The task:
An exact repeat is needed of the lines from the one with "Трёхместный номер стандарт" through the last line of the data below. Please omit the pictures.

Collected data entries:
[Start of section]

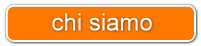 chi siamo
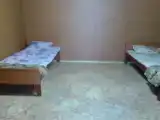 Трёхместный номер стандарт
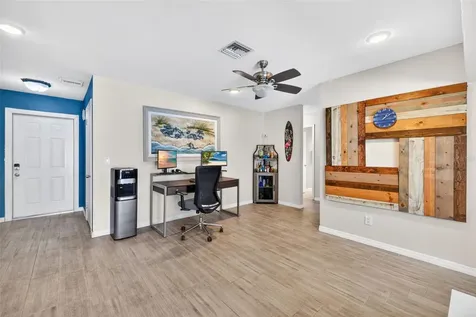 4547 SE 11th Avenue Cape Coral FL 33904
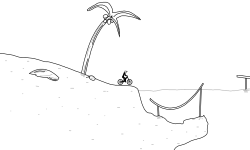 Goa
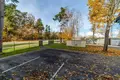 Apartamento 2 habitaciones 48 m² Jurmala, Letonia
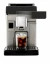 Image of the device DeLonghi Eletta Explore with a wide variety of screen protectors.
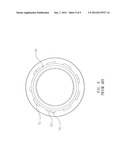 Bicycle Hub Assembly diagram and image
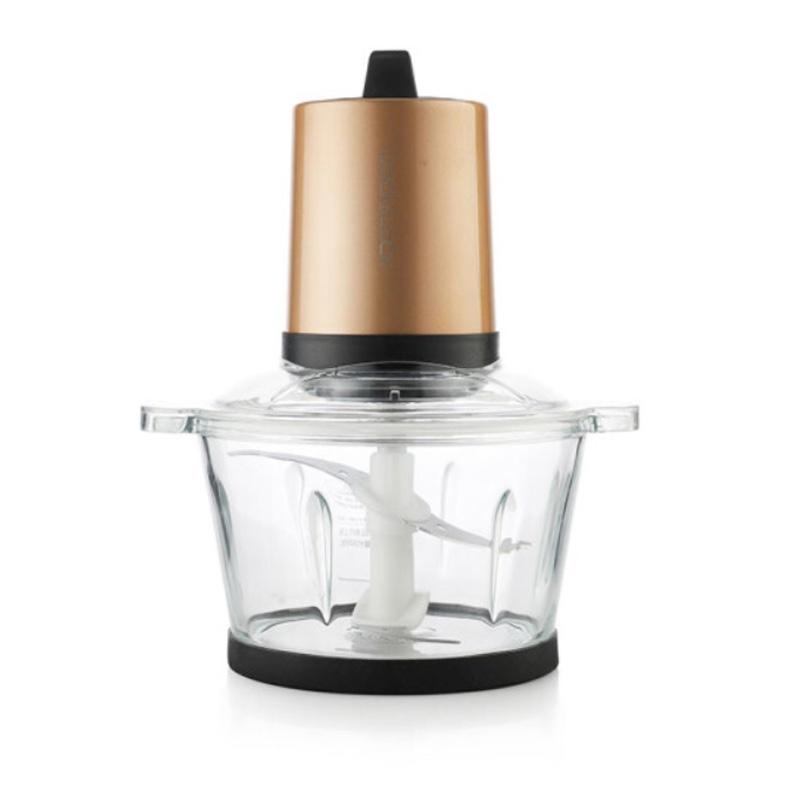 樂扣樂扣 EJM177GOD 多功能絞肉機(jī)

[End of section]

Response area:
 Трёхместный номер стандарт
 4547 SE 11th Avenue Cape Coral FL 33904
 Goa
 Apartamento 2 habitaciones 48 m² Jurmala, Letonia
 Image of the device DeLonghi Eletta Explore with a wide variety of screen protectors.
 Bicycle Hub Assembly diagram and image
 樂扣樂扣 EJM177GOD 多功能絞肉機(jī)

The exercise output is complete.